(Pictures with short captions)
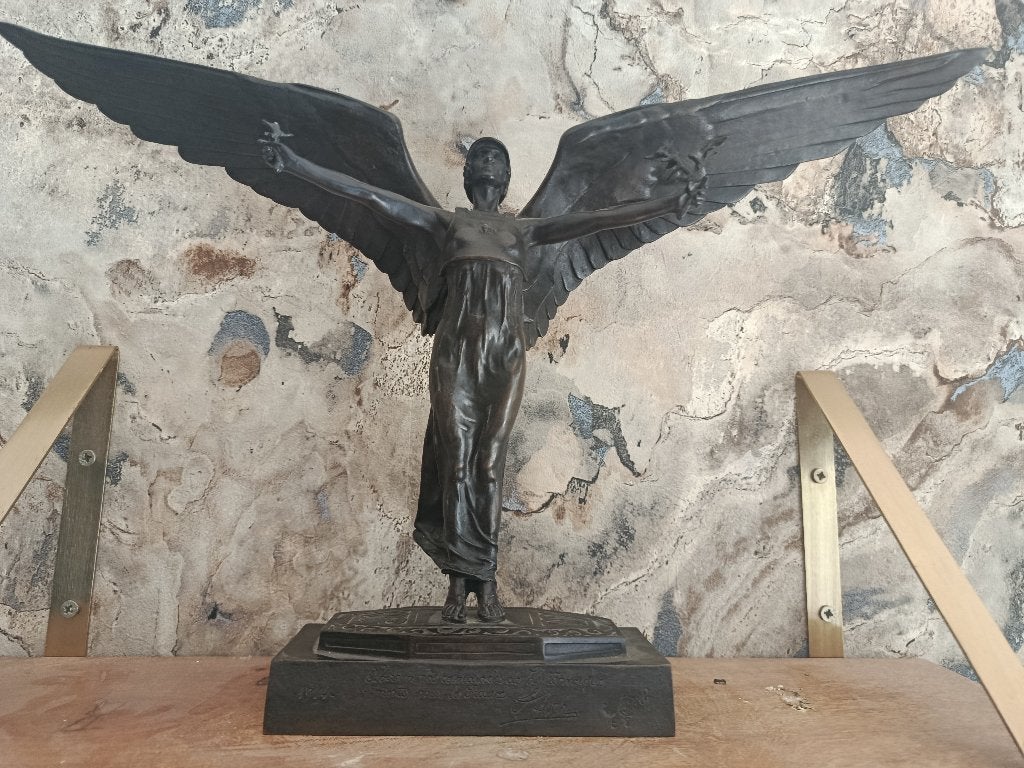 Statue Victoire ailée, Enlèvement, Bronze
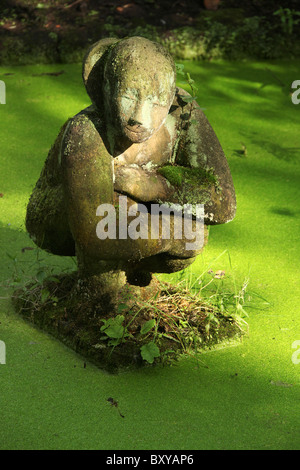 Norton Priory Museum & Gardens. Vista di una delle molte statue del Norton Priory sentiero delle sculture. Foto Stock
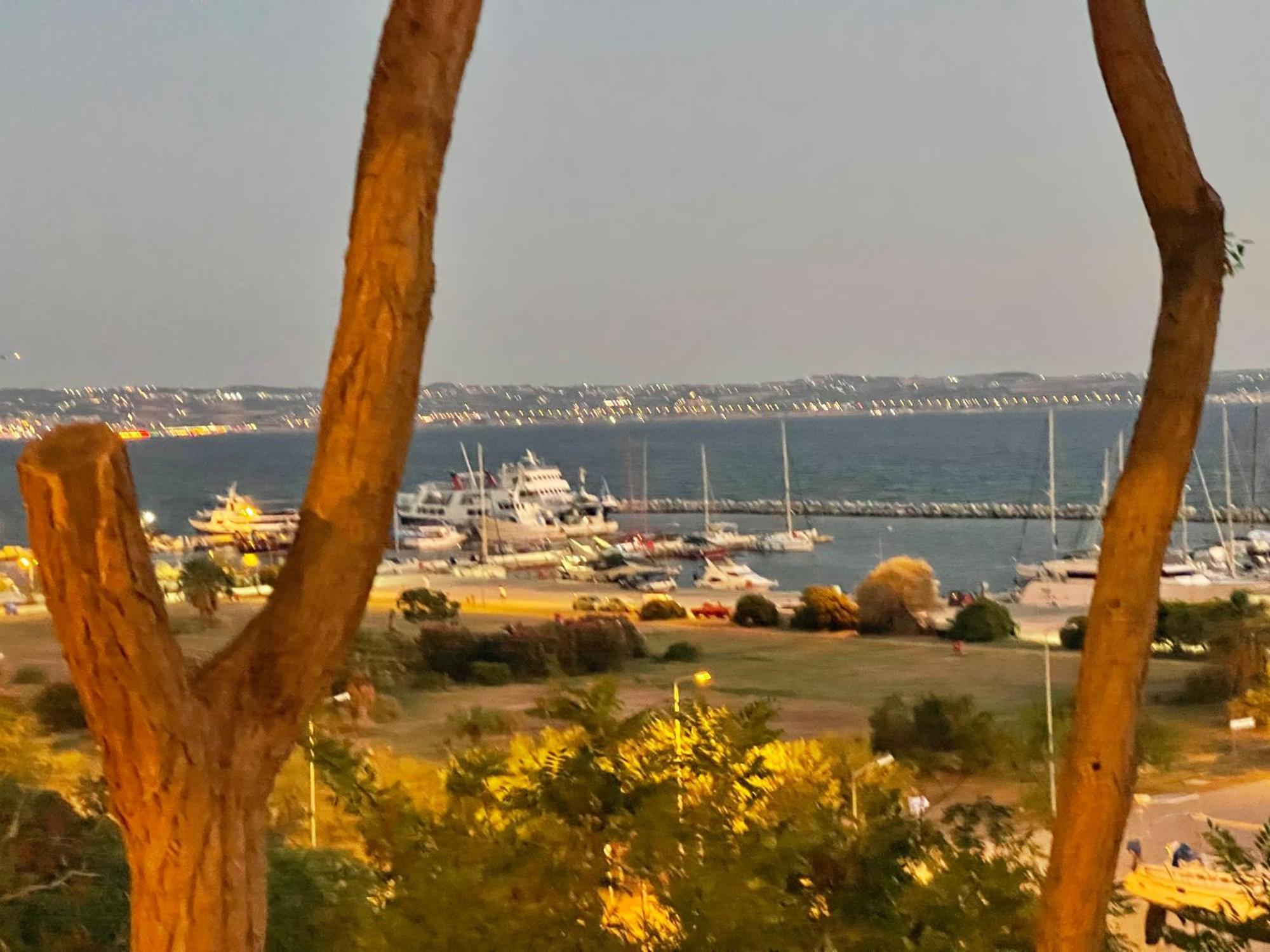 Vip Kalamarias * Thessaloniki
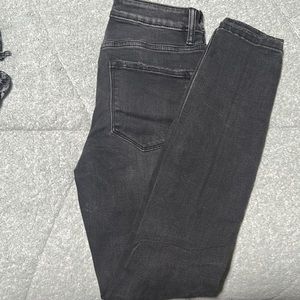 Black skinny jeans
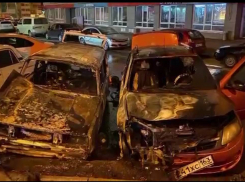 В Южном городе в ночь на 31 июля сгорело 4 машины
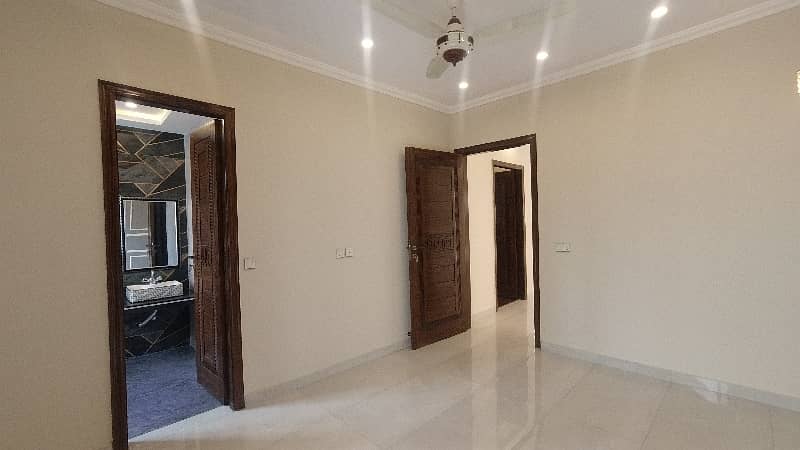 10 Marla House In Beautiful Location Of Paragon City Grove Block In Lahore 27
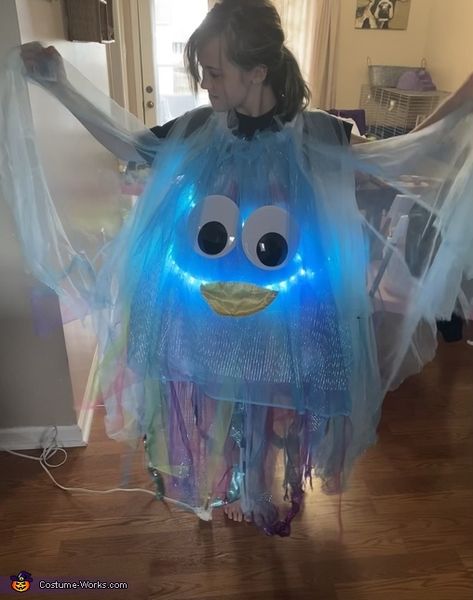 Caitlyn: My eleven year old wearing her jellyfish! She had an old hoop skirt for inspiration and her and I went from there. Jellyfish Costume, Homemade Costume, Costume Works, Hoop Skirt, Halloween Costume Contest, Costume Contest, Girl Costumes, Jellyfish, Year Old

=== Your goal ===
Leave out the pictures and reproduce the rest of the records exactly.

=== Response area ===
 Statue Victoire ailée, Enlèvement, Bronze
 Norton Priory Museum & Gardens. Vista di una delle molte statue del Norton Priory sentiero delle sculture. Foto Stock
 Vip Kalamarias * Thessaloniki
 Black skinny jeans
 В Южном городе в ночь на 31 июля сгорело 4 машины
 10 Marla House In Beautiful Location Of Paragon City Grove Block In Lahore 27
 Caitlyn: My eleven year old wearing her jellyfish! She had an old hoop skirt for inspiration and her and I went from there. Jellyfish Costume, Homemade Costume, Costume Works, Hoop Skirt, Halloween Costume Contest, Costume Contest, Girl Costumes, Jellyfish, Year Old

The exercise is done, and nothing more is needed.